Caption-style text data:
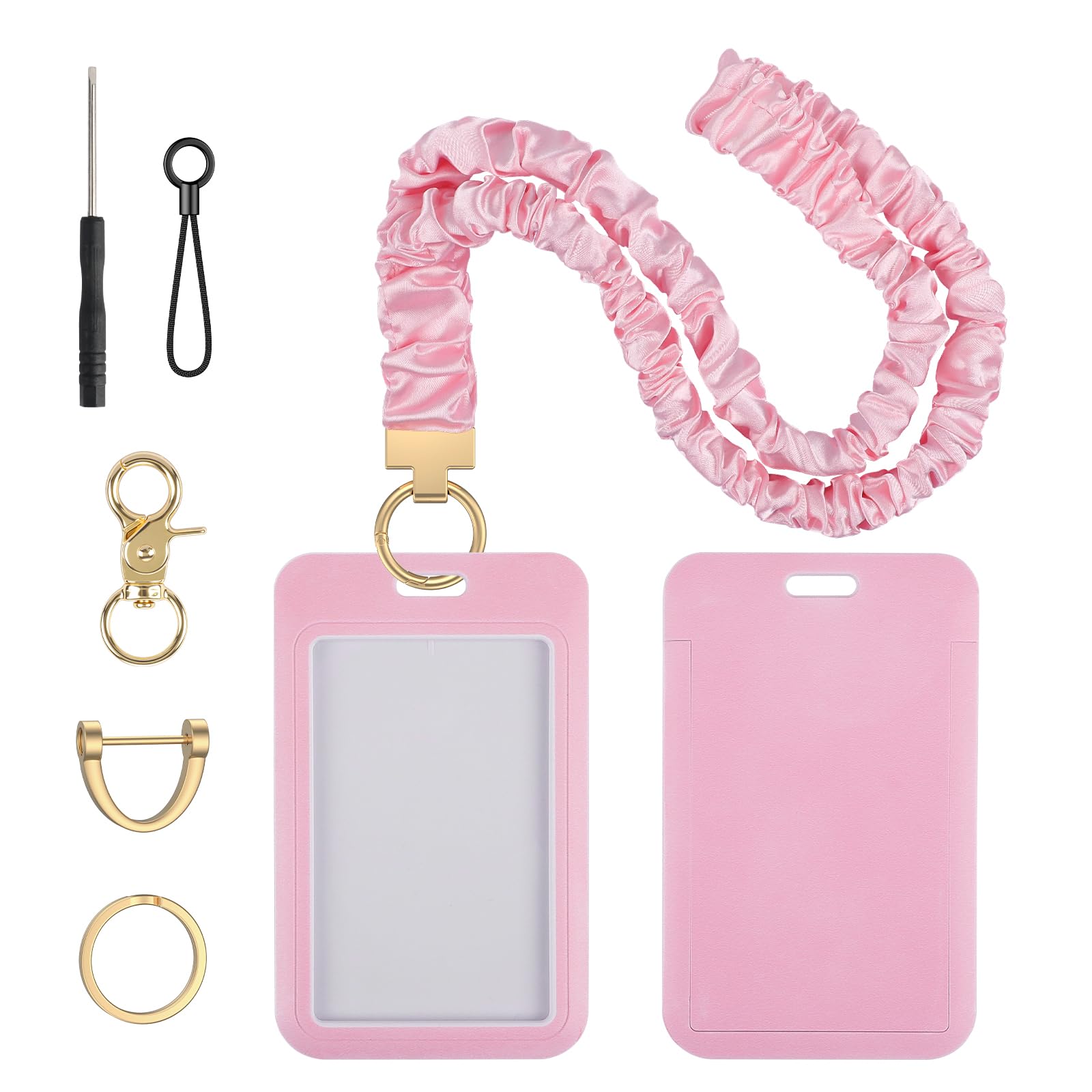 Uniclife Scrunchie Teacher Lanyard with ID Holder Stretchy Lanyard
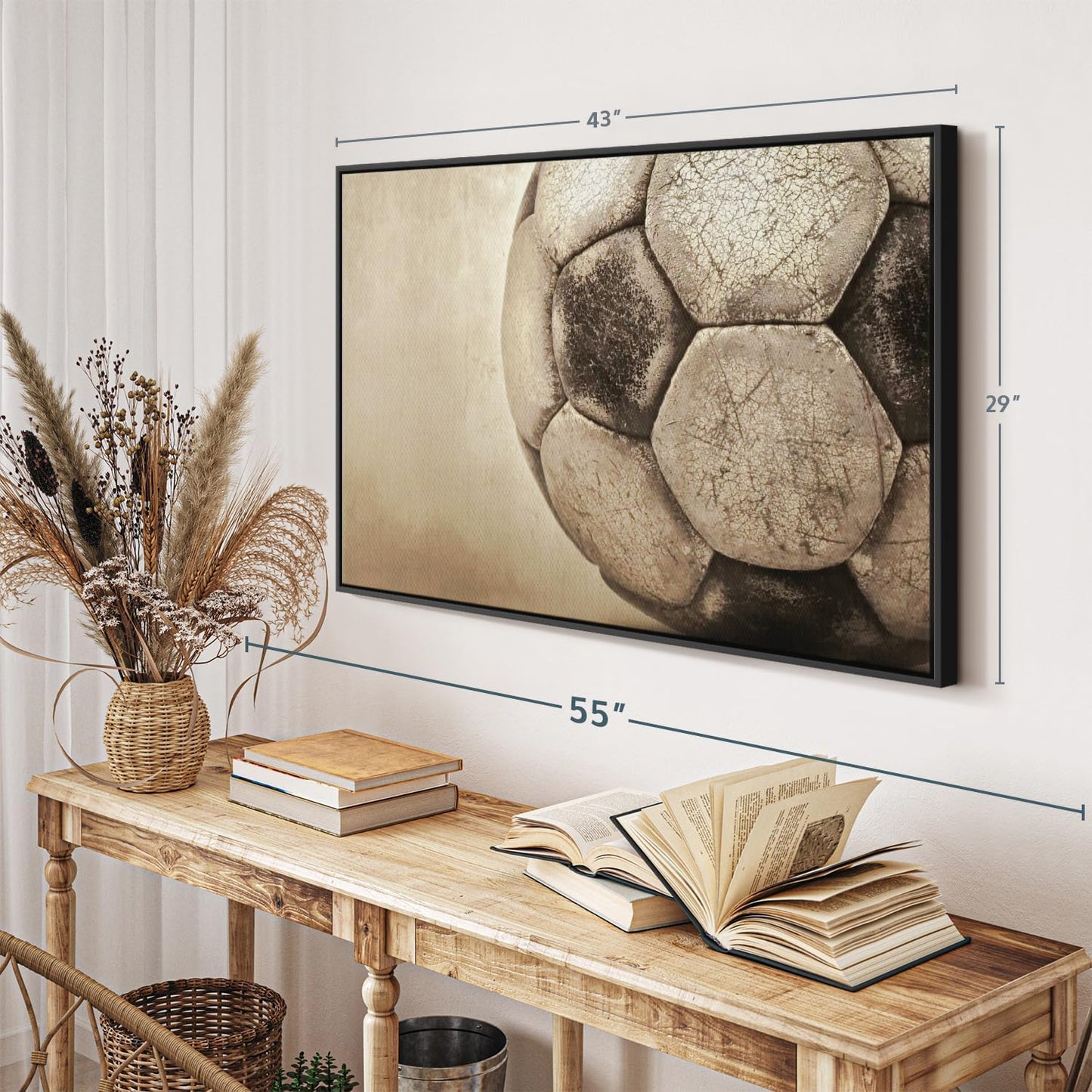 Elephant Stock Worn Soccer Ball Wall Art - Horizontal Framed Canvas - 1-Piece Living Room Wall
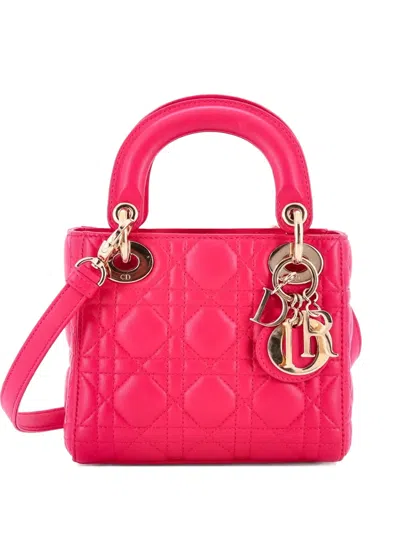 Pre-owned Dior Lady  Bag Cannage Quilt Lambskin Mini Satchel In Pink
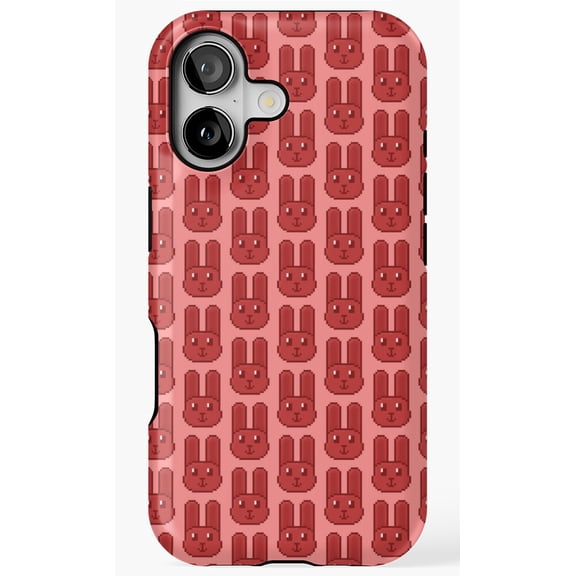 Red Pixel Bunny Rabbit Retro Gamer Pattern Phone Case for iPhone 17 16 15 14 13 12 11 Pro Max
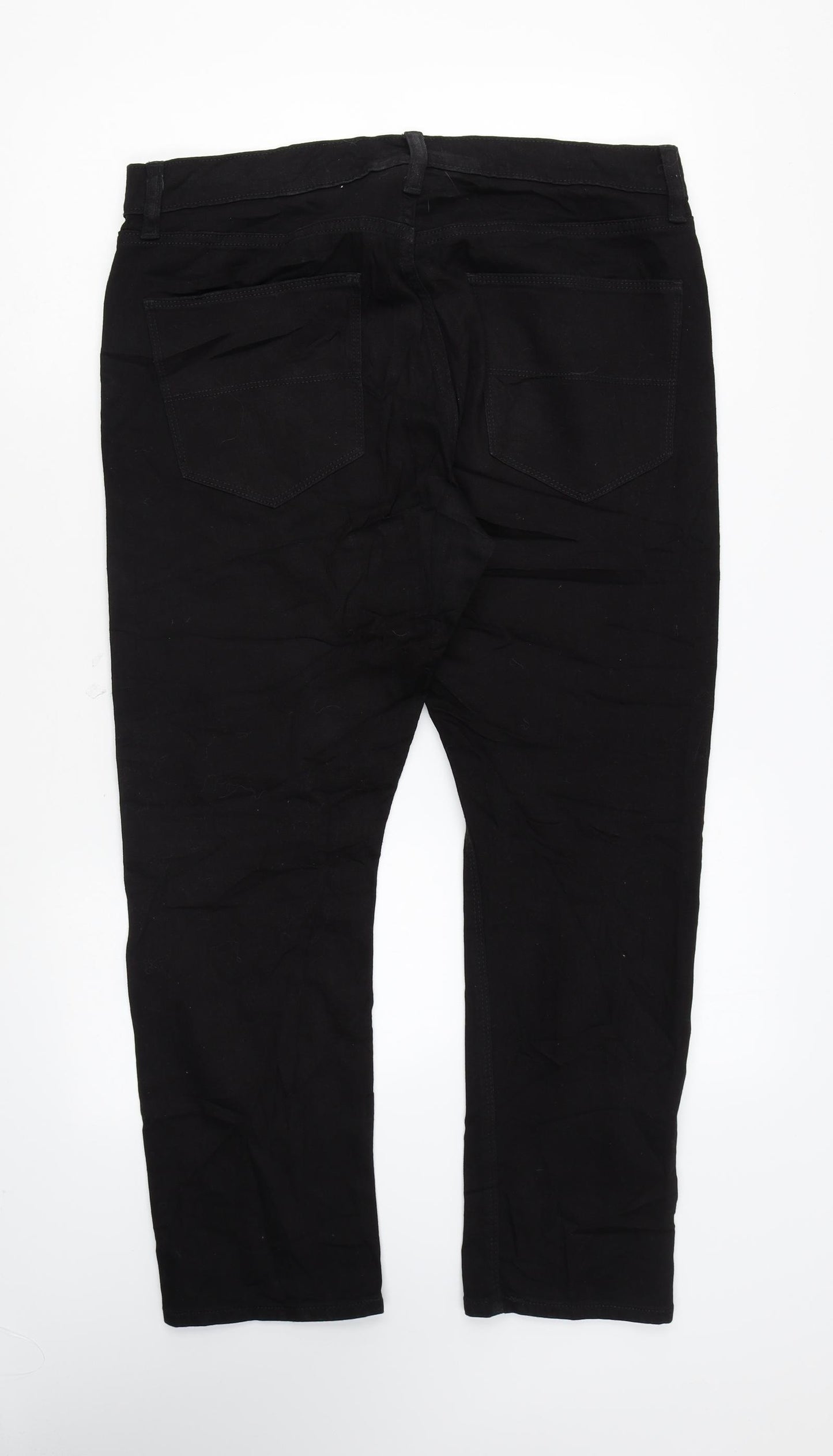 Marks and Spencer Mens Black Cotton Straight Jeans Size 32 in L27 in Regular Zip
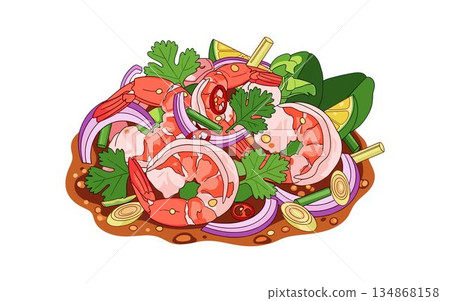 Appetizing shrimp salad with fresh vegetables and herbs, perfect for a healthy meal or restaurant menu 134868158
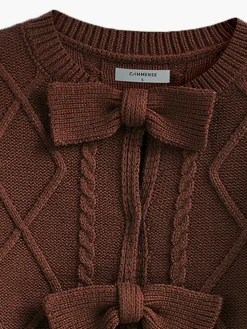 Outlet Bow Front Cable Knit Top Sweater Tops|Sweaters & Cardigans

> [What needs to be done]: In your copy, omit the pictures and restate every line of the data word for word.

> [Written answer]:
 Uniclife Scrunchie Teacher Lanyard with ID Holder Stretchy Lanyard
 Elephant Stock Worn Soccer Ball Wall Art - Horizontal Framed Canvas - 1-Piece Living Room Wall
 Pre-owned Dior Lady  Bag Cannage Quilt Lambskin Mini Satchel In Pink
 Red Pixel Bunny Rabbit Retro Gamer Pattern Phone Case for iPhone 17 16 15 14 13 12 11 Pro Max
 Marks and Spencer Mens Black Cotton Straight Jeans Size 32 in L27 in Regular Zip
 Appetizing shrimp salad with fresh vegetables and herbs, perfect for a healthy meal or restaurant menu 134868158
 Outlet Bow Front Cable Knit Top Sweater Tops|Sweaters & Cardigans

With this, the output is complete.